* **WHAT YOU SHOULD DO**:
Could you return, exactly as written, every line from the one containing "美国雪橇犬大赛，世界上最艰难狗狗赛事，零下20度跑要跑9天" through the last line of the entries below, leaving out the pictures?

* **Records from a data collection**:

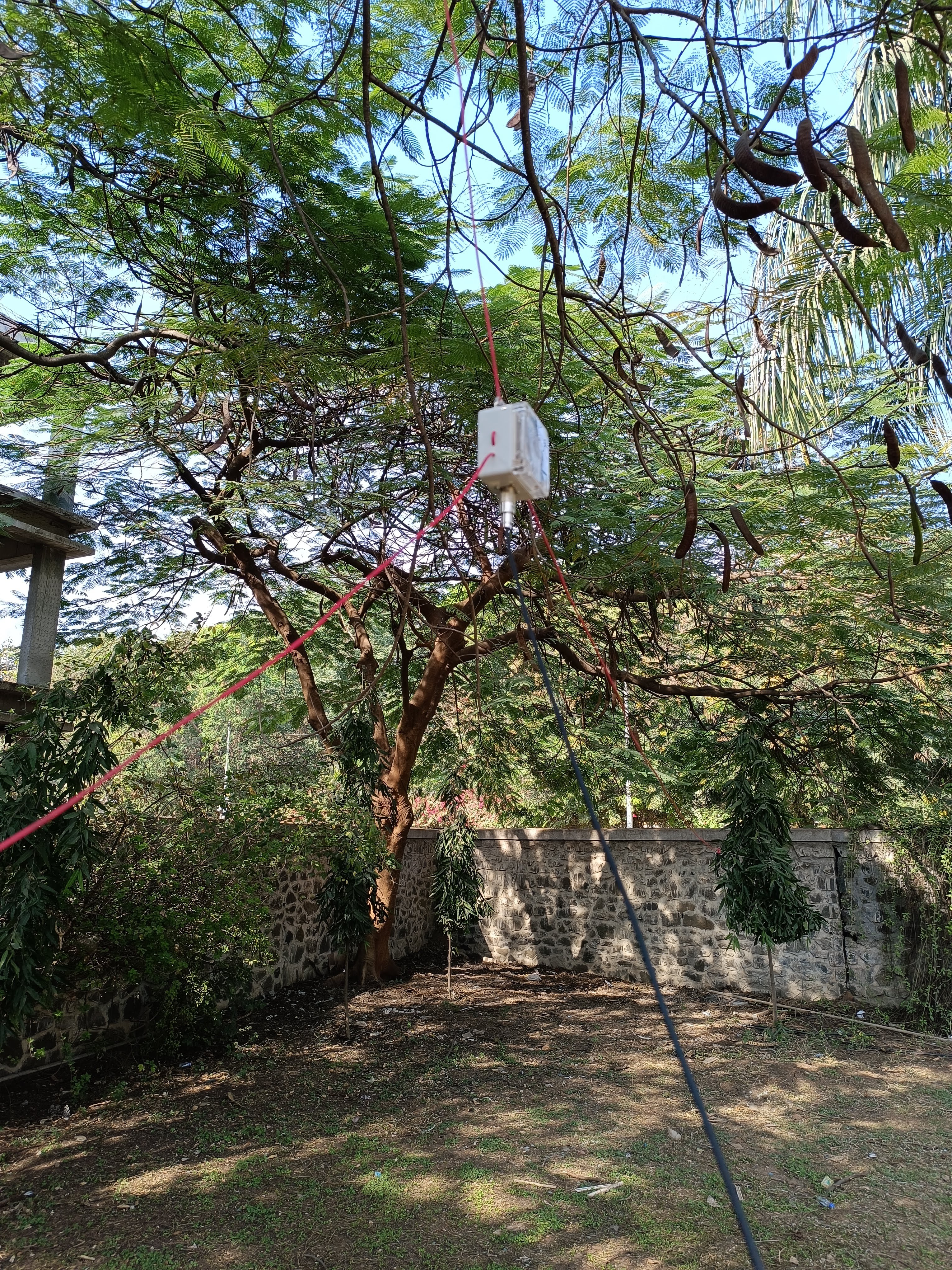 3-GP-In-Park-1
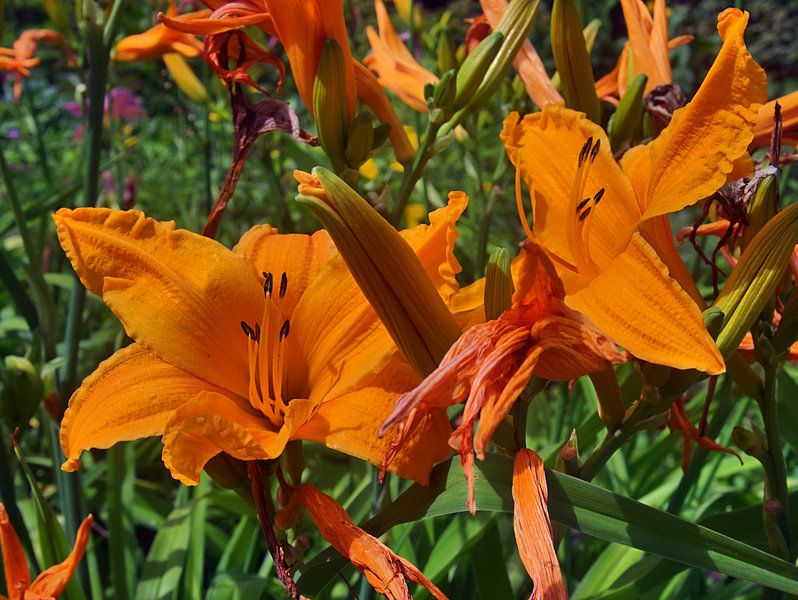 Lily 3 by Edgar Schermaul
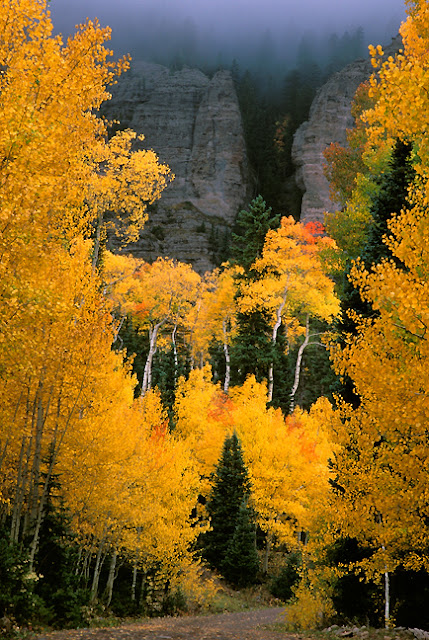 Aspen lining High Mesa Road near Cimarron, Colorado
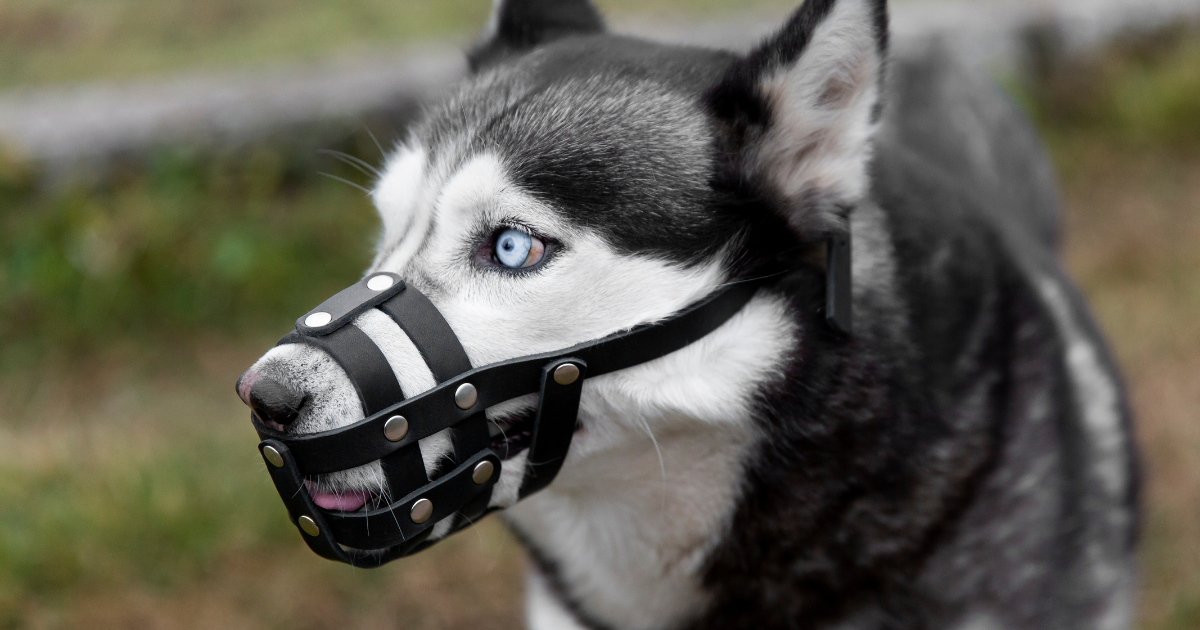 muzzle dog muzzle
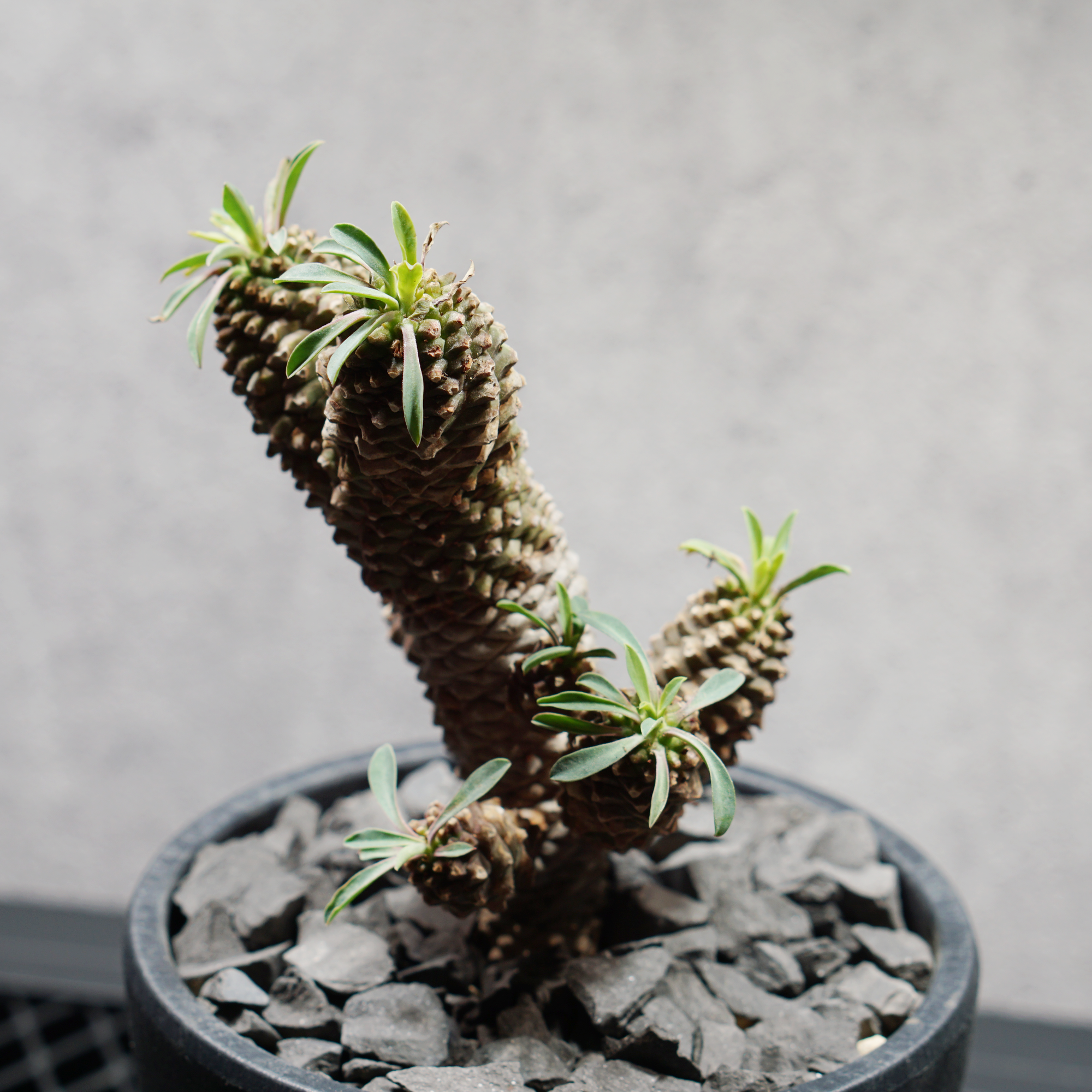 ユーフォルビア ソテツキリン05 LOGO ECO POT SIZE M（4.5号サイズ鉢）＋ LOGO SLIT PLATE Mセット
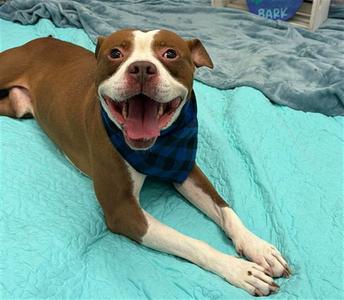 FLAPJACK, Pit Bull Terrier, adult, available for adoption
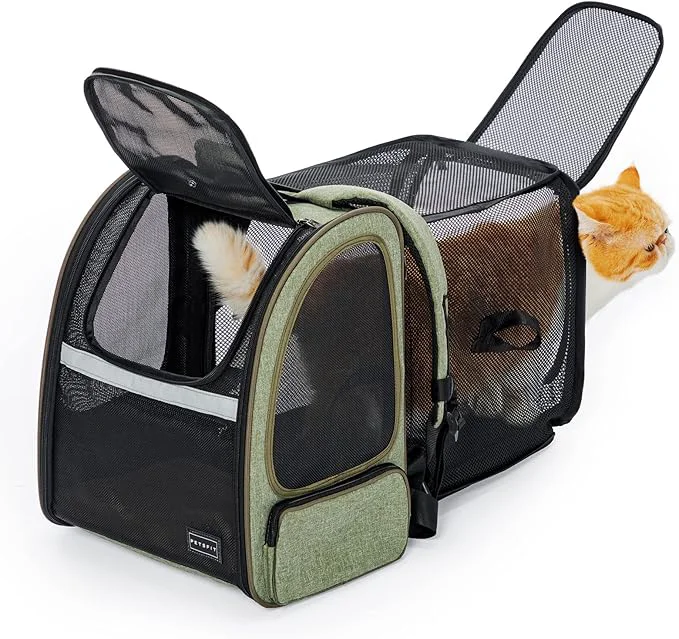 Reliable Petsfit Cat Backpack Carrier Dog Carrier Backpacks Expandable with Great Ventilation Foldable Puppy Backpack Carrier for Travel Hiking GreenAbout ThisOverview Sophisticated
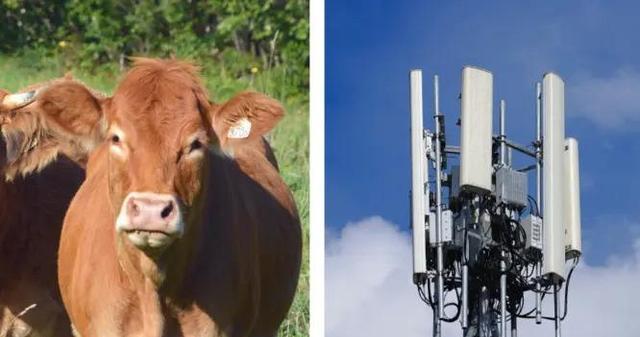 4G|法国被迫关闭4G信号塔，因为农户觉得信号塔害死了自家奶牛？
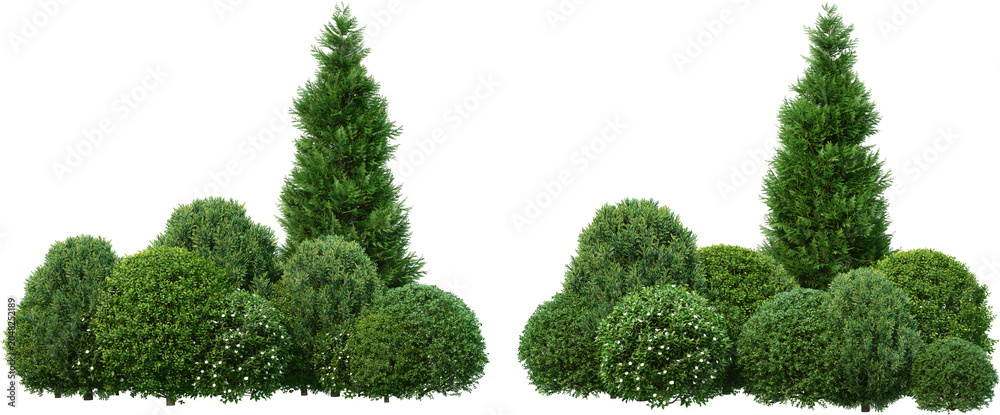 Fototapeta premium Pine garden decoration on a transparent background 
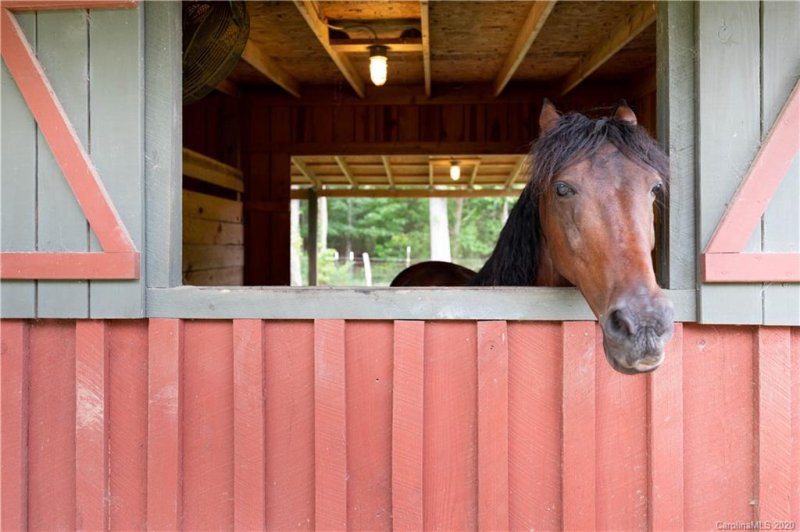 Property image 4 at 800 Pitts Road, Catawba, SC 29704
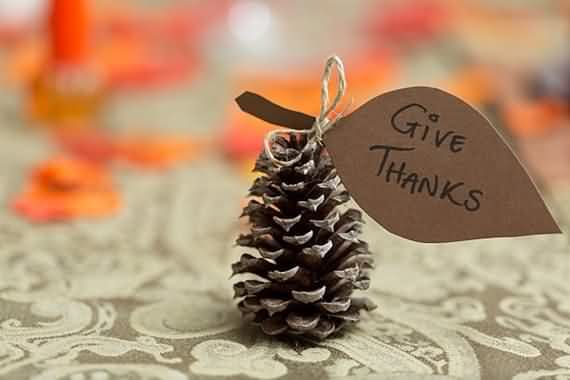 Fresh Pine Cones For Thanksgiving , Fresh Pine Cones , Thanksgiving , Pine Cones For Thanksgiving , Pine Cones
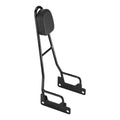 Passenger Sissy Bar Backrest Pad Fit For Harley Softail Street Bob Fxbb 18-25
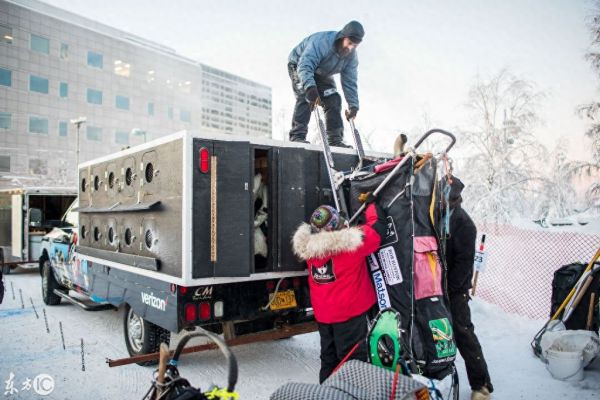 美国雪橇犬大赛，世界上最艰难狗狗赛事，零下20度跑要跑9天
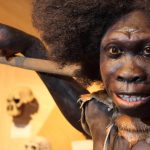Neanderthalienii, mai aproape de Homo Sapiens: Ce-a dus la dispariție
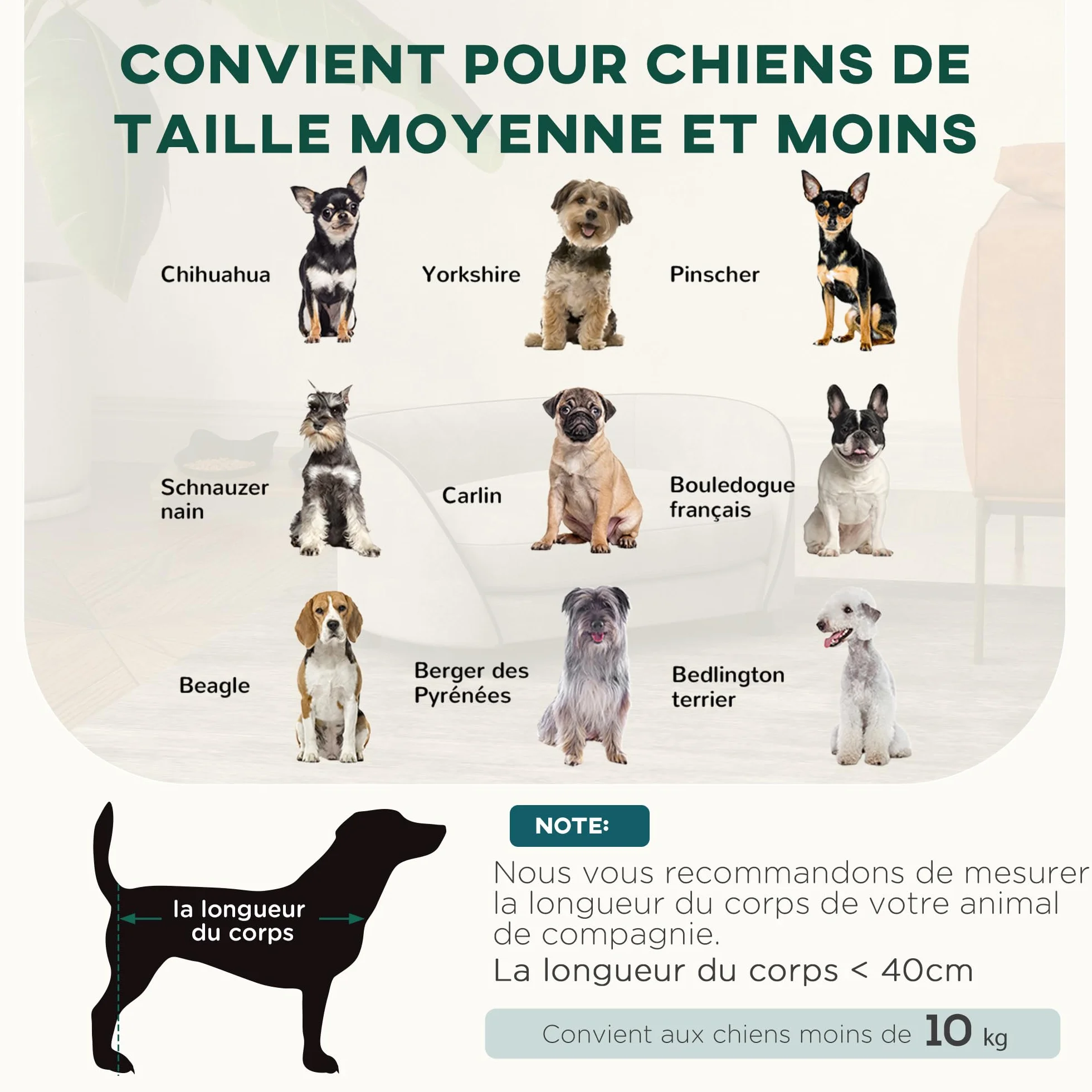 PawHut Canapé pour Chien en Velours néerlandais, Coussin Doux, Housse Amovible et Lavable, pour Petite à Moyenne Taille, Gris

* **FINISHED EXERCISE**:
 美国雪橇犬大赛，世界上最艰难狗狗赛事，零下20度跑要跑9天
Neanderthalienii, mai aproape de Homo Sapiens: Ce-a dus la dispariție
 PawHut Canapé pour Chien en Velours néerlandais, Coussin Doux, Housse Amovible et Lavable, pour Petite à Moyenne Taille, Gris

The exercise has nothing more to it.